## DIRECTIONS
Leave every picture out, and write out the remaining entries exactly.

§ §

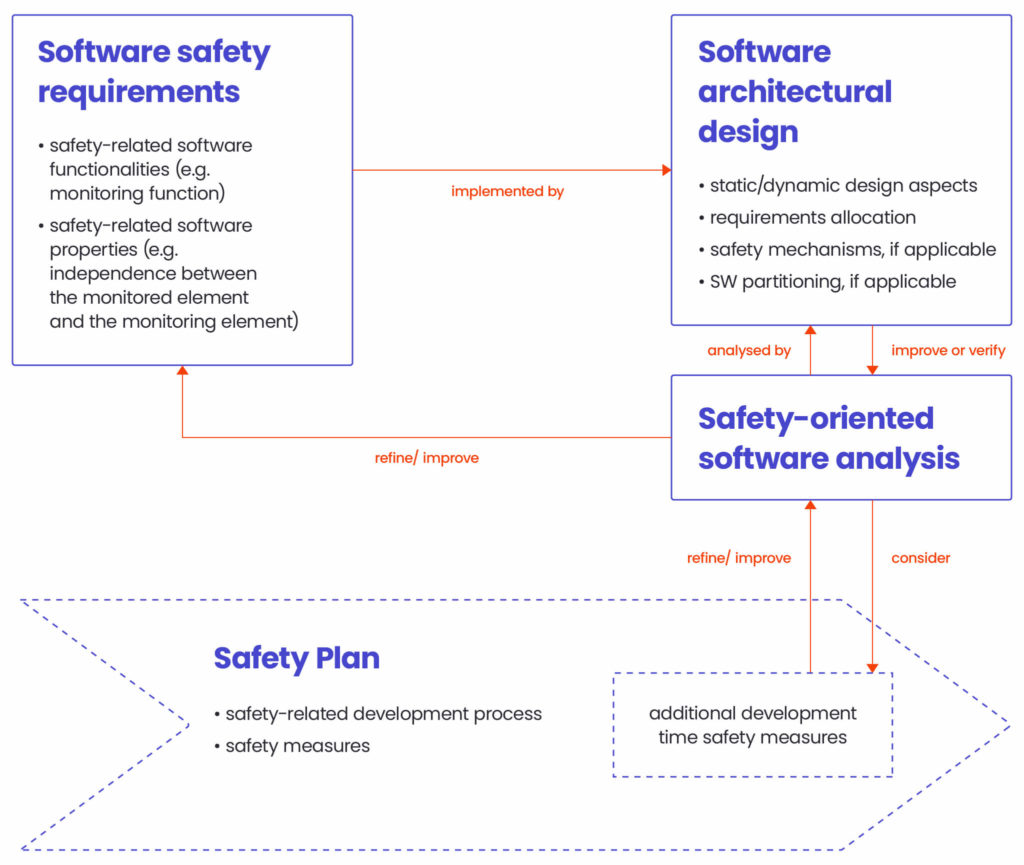FMEA analysis what it is and why it’s important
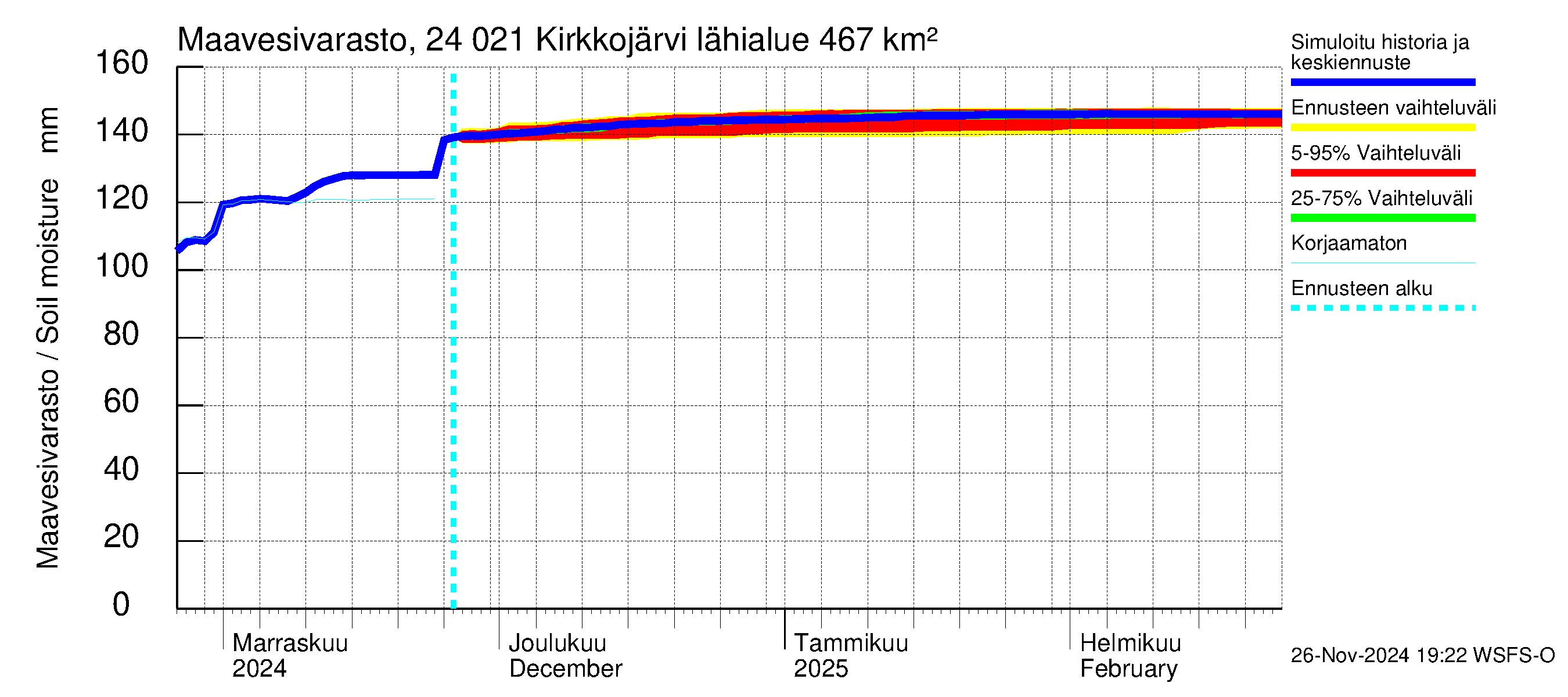 Kiskonjoen vesistöalue - Kirkkojärvi: Maavesivarasto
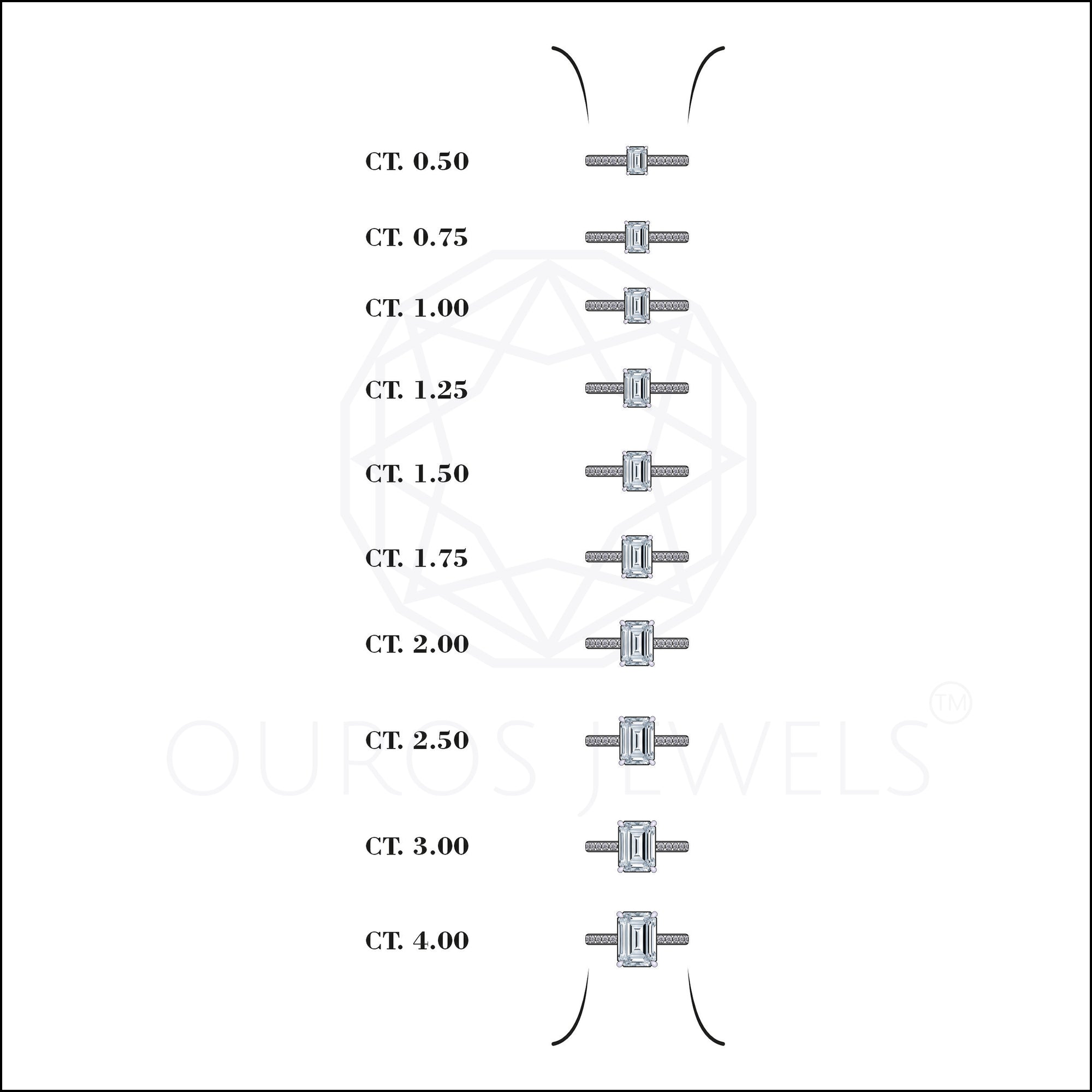 IGI Certified Emerald Cut Diamond Solitaire Accent Ring Rings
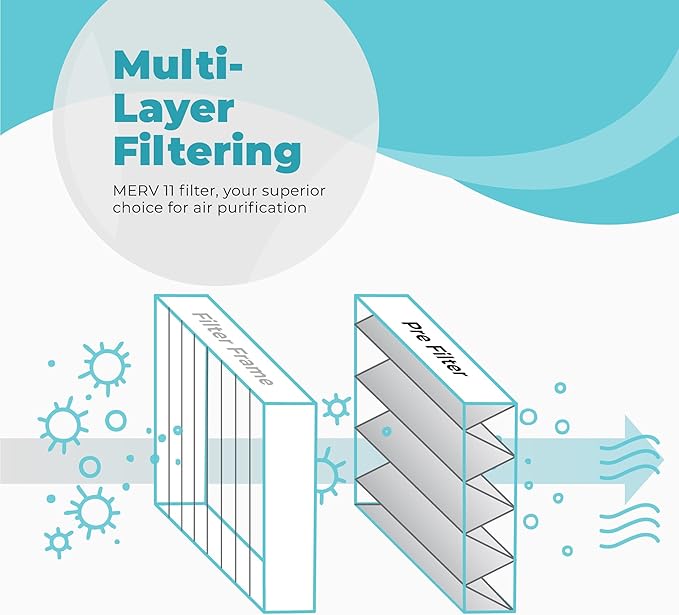 16x25x4 Air Filter Replacement MERV 11, FC100A1029 Pleated HVAC AC Furnace Filters with Wholesalehome Cleaning Cloth, 3-Pack (Actual Size: 15.94 x 24.86 x 4.38 Inches)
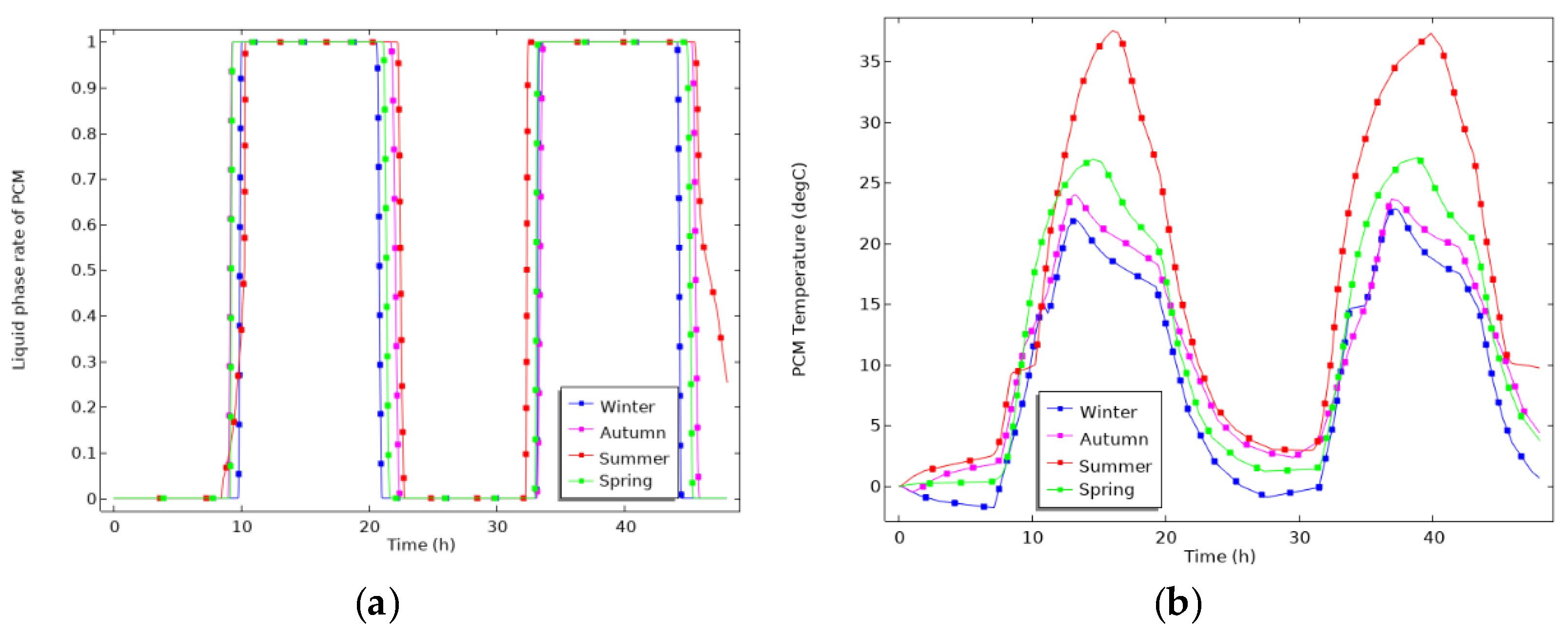 Energies 14 08068 g008 550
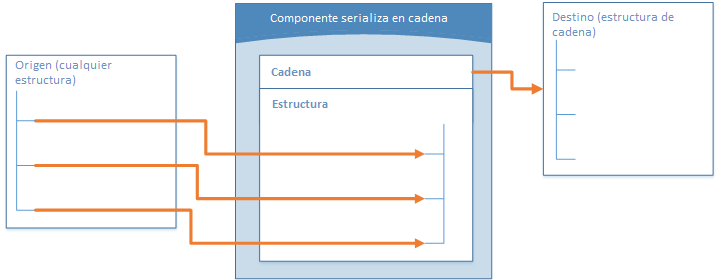 GenericSerializeStringComponent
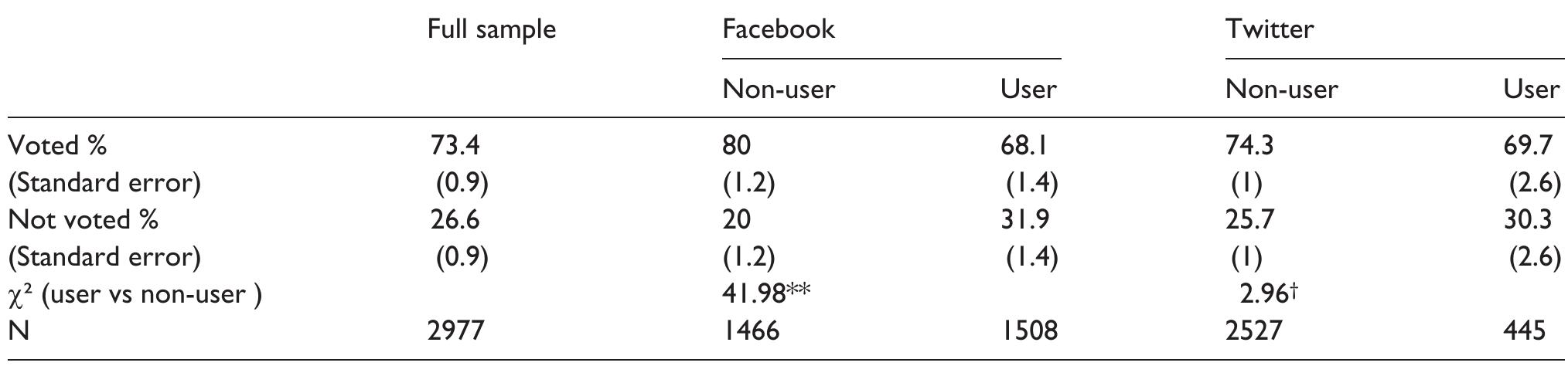 tp < 0.1, *p < 0.05, *p < 0.01.  Table 3. Self-reported turnout of social media users compared to non-users and the full sample.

§ §

## THE COMPLETED TASK
FMEA analysis what it is and why it’s important
 Kiskonjoen vesistöalue - Kirkkojärvi: Maavesivarasto
 IGI Certified Emerald Cut Diamond Solitaire Accent Ring Rings
 16x25x4 Air Filter Replacement MERV 11, FC100A1029 Pleated HVAC AC Furnace Filters with Wholesalehome Cleaning Cloth, 3-Pack (Actual Size: 15.94 x 24.86 x 4.38 Inches)
 Energies 14 08068 g008 550
 GenericSerializeStringComponent
 tp < 0.1, *p < 0.05, *p < 0.01.  Table 3. Self-reported turnout of social media users compared to non-users and the full sample.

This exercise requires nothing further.